You're reiterating exactly the point I was making. Morals and ethics  
are not scientific, in the Popperian sense or any other sense. I  
conclude from that that any purported "universal" ethics are flawed.  
In the vernacular, only you have the ability to decide for yourself  
what is morally or ethically correct. It has been my observation that  
people adhere to social structures due to some utility that they  
provide. I choose a rationalist approach because it provides me with  
more utility than a superstitional approach. I rather like being able  
to figure out what's going on around me through testing hypotheses and  
appreciate the value that having some guidelines on what can be  
objectively determined and what cannot.  Some people, apparently, don't.

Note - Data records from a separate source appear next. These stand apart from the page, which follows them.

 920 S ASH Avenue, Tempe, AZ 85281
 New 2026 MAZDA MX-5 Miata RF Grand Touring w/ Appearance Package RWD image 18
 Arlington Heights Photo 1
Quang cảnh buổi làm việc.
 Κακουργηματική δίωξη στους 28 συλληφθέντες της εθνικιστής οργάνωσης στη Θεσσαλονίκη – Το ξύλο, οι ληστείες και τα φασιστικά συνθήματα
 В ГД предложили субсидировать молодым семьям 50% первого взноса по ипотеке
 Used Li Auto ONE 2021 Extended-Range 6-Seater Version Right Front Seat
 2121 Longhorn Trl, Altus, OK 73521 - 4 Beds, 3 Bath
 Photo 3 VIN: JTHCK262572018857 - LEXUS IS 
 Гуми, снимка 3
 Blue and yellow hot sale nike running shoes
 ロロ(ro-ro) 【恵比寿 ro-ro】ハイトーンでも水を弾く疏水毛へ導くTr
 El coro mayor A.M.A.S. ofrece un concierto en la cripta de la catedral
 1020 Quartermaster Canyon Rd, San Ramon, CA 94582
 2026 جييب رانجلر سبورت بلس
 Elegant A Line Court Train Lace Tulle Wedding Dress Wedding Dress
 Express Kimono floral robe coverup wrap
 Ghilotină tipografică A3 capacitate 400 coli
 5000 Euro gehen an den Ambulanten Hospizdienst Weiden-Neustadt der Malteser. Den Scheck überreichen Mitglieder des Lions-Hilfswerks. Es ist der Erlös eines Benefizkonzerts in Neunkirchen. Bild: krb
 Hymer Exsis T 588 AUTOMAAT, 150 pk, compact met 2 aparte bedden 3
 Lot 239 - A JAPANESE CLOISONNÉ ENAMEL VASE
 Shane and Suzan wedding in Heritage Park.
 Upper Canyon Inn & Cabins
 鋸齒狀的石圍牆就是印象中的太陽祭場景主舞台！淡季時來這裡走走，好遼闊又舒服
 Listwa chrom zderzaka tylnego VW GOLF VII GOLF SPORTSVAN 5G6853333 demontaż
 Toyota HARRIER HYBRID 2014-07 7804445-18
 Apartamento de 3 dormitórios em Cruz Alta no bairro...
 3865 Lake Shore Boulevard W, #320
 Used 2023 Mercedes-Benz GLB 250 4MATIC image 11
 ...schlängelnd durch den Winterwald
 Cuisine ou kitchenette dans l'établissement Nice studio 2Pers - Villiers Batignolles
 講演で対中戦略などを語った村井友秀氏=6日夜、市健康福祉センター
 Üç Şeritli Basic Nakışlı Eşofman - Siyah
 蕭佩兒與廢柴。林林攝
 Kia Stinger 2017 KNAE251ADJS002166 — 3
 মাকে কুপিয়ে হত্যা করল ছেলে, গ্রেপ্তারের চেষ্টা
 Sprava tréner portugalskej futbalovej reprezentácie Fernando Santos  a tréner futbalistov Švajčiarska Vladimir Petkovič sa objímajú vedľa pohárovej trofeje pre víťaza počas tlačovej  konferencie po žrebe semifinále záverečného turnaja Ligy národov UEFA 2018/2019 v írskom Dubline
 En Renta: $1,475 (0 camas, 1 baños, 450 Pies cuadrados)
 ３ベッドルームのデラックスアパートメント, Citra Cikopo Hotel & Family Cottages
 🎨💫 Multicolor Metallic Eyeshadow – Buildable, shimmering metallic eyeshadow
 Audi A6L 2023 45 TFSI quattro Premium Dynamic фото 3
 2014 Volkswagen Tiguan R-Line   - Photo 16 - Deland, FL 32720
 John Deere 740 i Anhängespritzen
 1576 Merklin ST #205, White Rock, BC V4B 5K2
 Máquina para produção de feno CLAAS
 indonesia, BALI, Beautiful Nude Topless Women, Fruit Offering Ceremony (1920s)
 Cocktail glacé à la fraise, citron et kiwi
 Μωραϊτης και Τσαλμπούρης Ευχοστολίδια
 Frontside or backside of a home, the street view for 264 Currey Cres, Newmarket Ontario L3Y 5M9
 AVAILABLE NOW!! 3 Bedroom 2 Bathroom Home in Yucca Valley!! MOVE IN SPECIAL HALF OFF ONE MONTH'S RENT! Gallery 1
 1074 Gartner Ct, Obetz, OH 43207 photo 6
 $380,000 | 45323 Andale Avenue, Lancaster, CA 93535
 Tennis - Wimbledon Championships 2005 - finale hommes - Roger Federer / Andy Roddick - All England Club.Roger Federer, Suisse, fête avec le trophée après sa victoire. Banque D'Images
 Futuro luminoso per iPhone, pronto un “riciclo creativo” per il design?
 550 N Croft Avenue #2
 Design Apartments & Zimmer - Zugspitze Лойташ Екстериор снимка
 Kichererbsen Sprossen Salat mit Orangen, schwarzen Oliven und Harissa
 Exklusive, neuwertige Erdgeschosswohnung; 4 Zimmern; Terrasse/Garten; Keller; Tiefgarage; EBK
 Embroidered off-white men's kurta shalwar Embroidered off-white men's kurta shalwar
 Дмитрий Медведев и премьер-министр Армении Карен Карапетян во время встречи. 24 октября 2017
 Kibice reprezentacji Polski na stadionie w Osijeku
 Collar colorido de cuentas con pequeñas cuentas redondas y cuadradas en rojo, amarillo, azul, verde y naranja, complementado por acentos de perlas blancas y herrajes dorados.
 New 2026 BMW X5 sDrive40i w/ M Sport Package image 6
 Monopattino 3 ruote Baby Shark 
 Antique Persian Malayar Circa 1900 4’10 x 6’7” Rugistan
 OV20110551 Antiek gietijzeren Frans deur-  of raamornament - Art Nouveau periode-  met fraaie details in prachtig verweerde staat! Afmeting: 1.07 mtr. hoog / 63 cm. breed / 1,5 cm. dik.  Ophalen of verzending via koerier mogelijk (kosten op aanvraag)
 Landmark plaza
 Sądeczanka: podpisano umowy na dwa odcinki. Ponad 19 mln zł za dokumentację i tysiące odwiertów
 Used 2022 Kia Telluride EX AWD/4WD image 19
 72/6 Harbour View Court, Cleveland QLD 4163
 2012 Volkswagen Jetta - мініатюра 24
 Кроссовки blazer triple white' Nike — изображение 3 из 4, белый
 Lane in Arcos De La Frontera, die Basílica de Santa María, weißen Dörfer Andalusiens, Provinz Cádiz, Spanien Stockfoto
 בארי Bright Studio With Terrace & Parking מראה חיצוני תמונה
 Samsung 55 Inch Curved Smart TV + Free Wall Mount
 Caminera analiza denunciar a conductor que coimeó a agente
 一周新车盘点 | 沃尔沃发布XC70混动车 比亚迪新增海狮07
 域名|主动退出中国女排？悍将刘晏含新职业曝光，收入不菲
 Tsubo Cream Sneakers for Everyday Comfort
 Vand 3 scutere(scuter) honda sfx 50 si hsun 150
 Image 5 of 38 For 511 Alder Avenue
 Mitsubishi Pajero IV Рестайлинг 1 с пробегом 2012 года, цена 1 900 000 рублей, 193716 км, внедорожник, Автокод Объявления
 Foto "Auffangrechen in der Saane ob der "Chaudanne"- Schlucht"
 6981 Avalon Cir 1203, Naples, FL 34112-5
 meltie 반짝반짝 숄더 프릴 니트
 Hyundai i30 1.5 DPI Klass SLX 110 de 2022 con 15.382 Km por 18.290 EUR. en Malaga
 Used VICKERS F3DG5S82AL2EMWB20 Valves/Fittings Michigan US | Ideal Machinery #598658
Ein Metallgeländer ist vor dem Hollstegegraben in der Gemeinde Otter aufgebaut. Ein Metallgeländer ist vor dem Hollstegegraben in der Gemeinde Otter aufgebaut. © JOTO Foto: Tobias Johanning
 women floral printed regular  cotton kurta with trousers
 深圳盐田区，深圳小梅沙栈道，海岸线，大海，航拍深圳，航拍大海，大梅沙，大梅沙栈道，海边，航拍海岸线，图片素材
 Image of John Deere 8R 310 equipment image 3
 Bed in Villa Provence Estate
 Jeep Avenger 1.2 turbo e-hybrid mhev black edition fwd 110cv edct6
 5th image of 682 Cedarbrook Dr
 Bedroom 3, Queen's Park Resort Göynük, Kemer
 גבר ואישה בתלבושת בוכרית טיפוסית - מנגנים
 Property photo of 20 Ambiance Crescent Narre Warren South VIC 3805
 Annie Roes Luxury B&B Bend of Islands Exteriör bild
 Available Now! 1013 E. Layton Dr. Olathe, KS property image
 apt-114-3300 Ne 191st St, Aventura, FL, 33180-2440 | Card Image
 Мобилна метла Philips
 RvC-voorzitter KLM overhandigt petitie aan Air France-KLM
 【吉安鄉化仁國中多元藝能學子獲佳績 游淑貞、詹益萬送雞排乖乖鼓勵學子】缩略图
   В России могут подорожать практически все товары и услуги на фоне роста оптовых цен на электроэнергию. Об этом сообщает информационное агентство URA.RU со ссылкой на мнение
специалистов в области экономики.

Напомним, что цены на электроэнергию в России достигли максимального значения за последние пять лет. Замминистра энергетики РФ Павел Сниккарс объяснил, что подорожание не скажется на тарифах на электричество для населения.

Now, I could go all anthropological and argue that at some point in  
the distant past the structures we now call "religions" had some  
utility in society, but now, the marginal utility of religion has been  
driven to the negative by insistence, particularly of the Abrahamic  
set, that faith comes before science, therefore atheism/humanism/etc.  
is on the rise as increasing numbers of people discover that these old  
traditions are truly not useful anymore. But, I won't, since I'm a  
physicist and not an anthropologist and as such I'm quite aware that  
this argument can fairly be considered crackpottish. :)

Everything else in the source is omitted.